Self-destructive?
In the last 250 years of US history, there have been 1 revolution, 1 civil war, and 59 presidential elections. That would suggest that it is easier to gain political power through votes than it is to gain political power by force. Now it is in the very nature of different political parties that they believe in different things; but it seems that a party that doesn't believe in voting would be ultimately self-destructive. The world has a long history of political activists organizing election boycotts, but in the overwhelming majority of cases the election still was declared valid, and the non-participating side lost by default.
Now a very vain individual losing an election might understandably claim that the vote was rigged against him. There is no forward-looking strategy in that, it is just an expression of personal weakness to be unable to admit defeat. It gets slightly ridiculous if you claim fraud after losing an election decisively.
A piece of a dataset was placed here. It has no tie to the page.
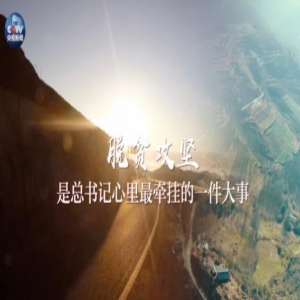 时政微视频丨脱贫路上的初心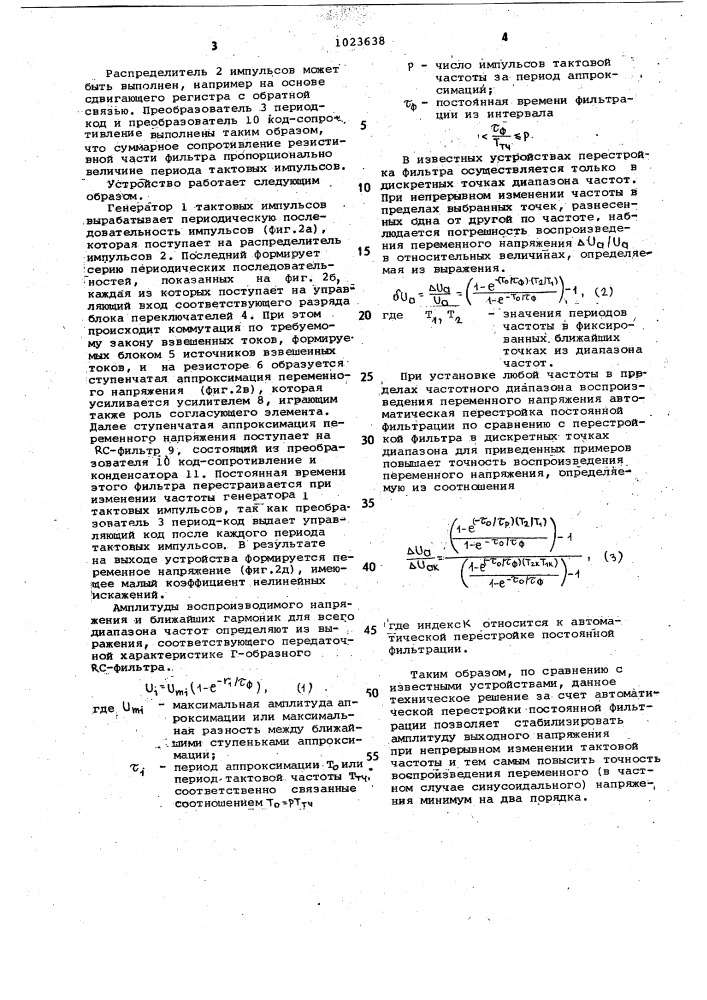 Формирователь переменного напряжения (патент 1023638)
But the psychology of trying to save face in not admitting reality is pretty clear.
However, as a forward-looking political strategy, claiming that elections are fundamentally rigged at a very large scale looks like political suicide for any party. How is a follower of a political party supposed to react when told that his vote isn't counted? He basically has the choice between insurrection and apathy. As I mentioned at the start, in the US real insurrections happen less than once per century, and have a historical 50% success rate. Smaller scale violent protest is more frequent, but has a 0% success rate. With little chance of success for violence, and a natural human preference for apathy, most people who believe that going to vote is useless will simply stay home.
Now obviously the winning side in any election is usually quite certain that everything with the vote was fine. Having won the previous election makes the supporter of a party more convinced that his vote made a difference, and thus motivates him to go voting the next time around. So the risk of a party promoting voting apathy has a potential of becoming a death spiral: In a close election the more motivated side wins, then gets even more motivated, while the party of apathy loses, and becomes even more convinced that voting is of no use. And then having made voting more difficult can really backfire.
My prediction still is that this isn't going to end well. Even as a foreigner just skimming US news, it is noticeable that losing politicians talking of violence as a solution to "take our country back" is on the rise. If that trends isn't reversed, they might take their country back all the way to 1861.
Only if the other party doesn't!
If there were more parties and slim chances for an absolute majority, every party would strive for the biggest piece of the cake, but coalitions would become necessary and thus allowing smaller parties to "win" as well.
In terms of attitude, yes. Or perhaps Jim Crow era (or even South Africa Apartheid) politics, where there's always the Other at the bottom. It's a very seductive viewpoint, where you can blame everything on "those people" rather than either take responsibility for your own choices or admit that maybe all of those things that people spend time demonizing (unions, government assistance, etc.) aren't as bad as people thought.
I could see small January 6th style insurrections in certain states but a full blown Civil War 2? No. As much as can be said about right wing groups owning guns the reality is they wouldn't stand up to the US military.
For Civil War to happen you would need enough of the leadership in the military willing to go along with it and Trump does not have that support. Even in the allies he does have in government the more powerful members (McConnell, Desantis, Abbot, etc) want power in our current model of government, they don't want to secede from it.
Without major backing from military leadership there is no Civil War.
Don't forget 4 Presidential assassinations.